La rencontre producteurs/consommateurs : valoriser l’échange économique

Nous avons pu remarquer combien les fêtes, les foires et les marchés étaient particulièrement bien adaptés à la distribution de produits frais et de produits régionaux. En effet, leurs caractéristiques originales font d’eux des lieux privilégiés de valorisation des productions alimentaires. D’une part, ils répondent parfaitement aux besoins des petits producteurs qui ne peuvent ou ne veulent entrer dans les réseaux de distribution moderne. D’autre part, ils favorisent la mise en valeur d’une production voire d’une filière, en communiquant auprès du ‘«’ ‘ grand-public’ ». Aujourd’hui ils jouent un rôle économique qui relève de deux ordres différents. Le premier renoue avec la fonction traditionnelle des marchés qui est l’écoulement des marchandises, dans laquelle le producteur retrouve une place dans la commercialisation de ses productions. Le deuxième ordre joue sur le long terme. Fonction récente, il s’agit ‘«’ ‘ d’éduquer »’ le consommateur pour qu’il découvre le produit et apprenne à le consommer. Les deux ne sont pas totalement distincts puisqu’ils s’appuient sur la communication et l’information sur les produits et sur les techniques de travail. De plus, comme nous l’avons montré, les deux défendent une qualité (qualité du produit d’une filière et qualité du travail du producteur qui lui garantit la fidélité de sa clientèle). Par ces deux méthodes (information et recherche de qualité), le producteur s’attache avant tout à défendre son produit – par l’appartenance à une filière – et sa production personnelle pour assurer sa commercialisation à long terme (et donc être indépendant des fluctuations de l’offre et de la demande imposée par les négociants).

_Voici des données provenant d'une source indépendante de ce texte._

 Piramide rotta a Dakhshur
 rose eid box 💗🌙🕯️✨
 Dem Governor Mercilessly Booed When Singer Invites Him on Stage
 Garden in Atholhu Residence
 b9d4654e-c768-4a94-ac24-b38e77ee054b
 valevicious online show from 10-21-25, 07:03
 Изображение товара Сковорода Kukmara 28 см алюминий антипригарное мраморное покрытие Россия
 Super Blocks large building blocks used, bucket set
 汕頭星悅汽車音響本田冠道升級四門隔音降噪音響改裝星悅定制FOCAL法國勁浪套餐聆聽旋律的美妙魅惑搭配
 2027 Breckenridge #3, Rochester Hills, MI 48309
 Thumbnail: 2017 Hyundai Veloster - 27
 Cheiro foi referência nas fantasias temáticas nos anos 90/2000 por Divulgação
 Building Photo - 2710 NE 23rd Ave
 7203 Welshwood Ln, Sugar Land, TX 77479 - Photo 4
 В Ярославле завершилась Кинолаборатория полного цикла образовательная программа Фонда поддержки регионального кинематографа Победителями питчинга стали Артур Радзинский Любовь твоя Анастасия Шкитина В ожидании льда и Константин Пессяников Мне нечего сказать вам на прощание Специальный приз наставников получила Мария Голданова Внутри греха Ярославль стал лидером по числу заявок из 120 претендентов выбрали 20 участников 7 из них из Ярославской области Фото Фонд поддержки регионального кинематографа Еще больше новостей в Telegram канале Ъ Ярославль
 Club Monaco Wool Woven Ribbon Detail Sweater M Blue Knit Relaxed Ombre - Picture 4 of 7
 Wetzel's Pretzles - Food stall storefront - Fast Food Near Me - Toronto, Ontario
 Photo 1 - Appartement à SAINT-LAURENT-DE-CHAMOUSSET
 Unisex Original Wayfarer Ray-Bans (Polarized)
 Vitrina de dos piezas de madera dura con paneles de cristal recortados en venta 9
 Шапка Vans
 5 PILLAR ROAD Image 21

Au cours de l’échange marchand, on enregistre que les producteurs, sous le prétexte de conseiller les consommateurs, produisent un discours patrimonial qui procure de la valeur ajoutée au produit. Le choix du produit n’est pas négligeable puisque celui qui est classé parmi les S.R.G. doit posséder un lien historique au lieu. L’argument patrimonial est convoqué pour faire la démonstration d’une qualité et pour donner des clefs de compréhension favorisant la consommation du produit. Il s’agit de modifier des pratiques à long terme en apportant des informations qui favorisent la consommation du produit et en légitimant une spécificité. La revendication de la dimension patrimoniale permet d’élaborer un discours sur la spécificité ‘«’ ‘ culturelle’ » du produit et de l’identifier tout en le distinguant. Dans cette approche, les fêtes, les foires et les marchés apparaissent non seulement comme les vecteurs du discours patrimonial, et comme des médiateurs, mais leurs caractéristiques propres le renforcent.

Les fêtes, les foires et les marchés sont eux-mêmes perçus comme relevant des pratiques culturelles propres à un lieu et à une histoire. Par là-même, ils sont garants de l’authenticité des produits qu’ils exposent. Ils donnent une valeur ajoutée au produit et au message délivré par le producteur. Ils légitiment et confortent le discours patrimonial qui ne se réalise pas hors de la culture mais in situ.

Dans le même temps, les producteurs se mettent en exposition, se réappropriant la phase de commercialisation et participant activement à la valorisation de leur production. De manière individuelle ou collective ils prennent en charge la valorisation des produits et des filières et revendiquent une patrimonialisation dans une logique simplement économique ou dans une perspective de reconnaissance. Les fêtes, les foires et les marchés deviennent des lieux de médiation, ils sont des messagers et ils apportent de la valeur au message. Lieux de transmission horizontale, ils sont des lieux de découverte de l’autre à travers l’apprentissage de pratiques non connues, et de découverte de soi en s’éduquant pour changer ses habitudes. Les fêtes, les foires et les marchés peuvent être assimilés à des centres d’interprétation en donnant à voir et à comprendre une partie de la société à ses autres membres. Les dimensions symboliques, survalorisées, favorisent la découverte de l’Autre, d’un produit, initiant plus facilement le dialogue. La rencontre directe producteur/consommateur est sollicitée par les deux parties et se décline à travers une recherche de qualité et de sens.

Face à l’augmentation des ‘«’ ‘ objets comestibles non identifiés’ » selon l’expression de C. Fischler, à l’industrialisation de la production et à l’angoisse du risque alimentaire, les consommateurs sont demandeurs de produits sur lesquels peut leur être garantie une qualité sanitaire et organoleptique. La rencontre avec les producteurs, ‘«’ ‘ certificateurs’ » d’authenticité et de singularité, pour reprendre les termes de J.-P. Warnier, marque une recherche d’éléments prouvant une qualité. Les fêtes, les foires et les marchés remplissent en eux-mêmes un rôle de garantie, leur perception, mêlée d’imaginaire social les ayant définis comme temples des ‘«’ ‘ bons’ » produits.